The stage also handles table geometry. If meta/<motion_id>.pkl contains table_pos and table_quat, the _ha/meta/ output keeps table_pos, table_quat, and table_size. The parser default for --table_size is [1.5, 0.7, 0.04] meters. The code also includes logic to adjust the table to reduce lower-body/table intersection in some cases: it uses forward kinematics from skeleton metadata, checks whether lower-body segments intersect the table plane, and shifts the table along the y-axis if needed. As a beginner, you usually do not need to tune this immediately. Just remember that the table is not decorative. It is geometry used by pickup-from-table tasks, so a bad table pose can teach the robot to grasp from a surface that does not match the object.

--lift_threshold: When Is the Object Lifted?

The wrapper default for --lift_threshold is 0.02, or 2 cm.
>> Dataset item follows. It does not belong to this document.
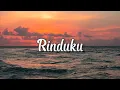 Download Lagu LIRIK LAGU RINDU DIHATIKU INGIN SELALU BERSAMAMU Rinduku - Dpaspor Cover Ivan Sany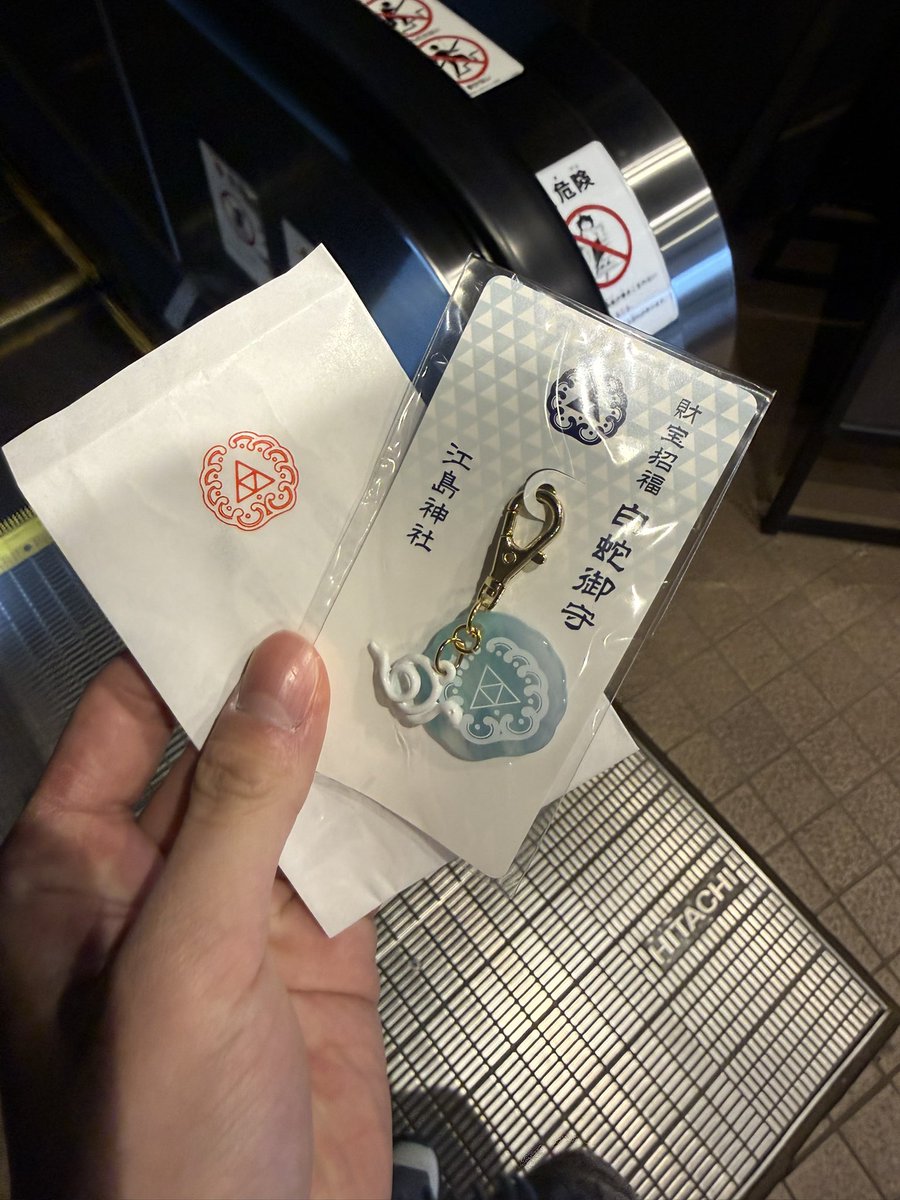 騎士Kgt tweet media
When --grasp_from_lift is enabled, process.py reads object_motion[f]["root_pos"][:, 0, 2], stores the initial z value, and finds the first frame satisfying:

obj_z > initial_z + lift_threshold

That frame becomes lift_frame. If no frame crosses the threshold and --skip_no_lift is enabled, the motion is skipped. That is why logs can say "object never lifted above 0.02m".

A 2 cm threshold is reasonable for pickup because it prevents tiny z-axis noise from being treated as a real lift. But it is not universal. If the object is very small, the reconstruction is slightly low, or the task is sliding rather than lifting, understand the task before lowering the threshold.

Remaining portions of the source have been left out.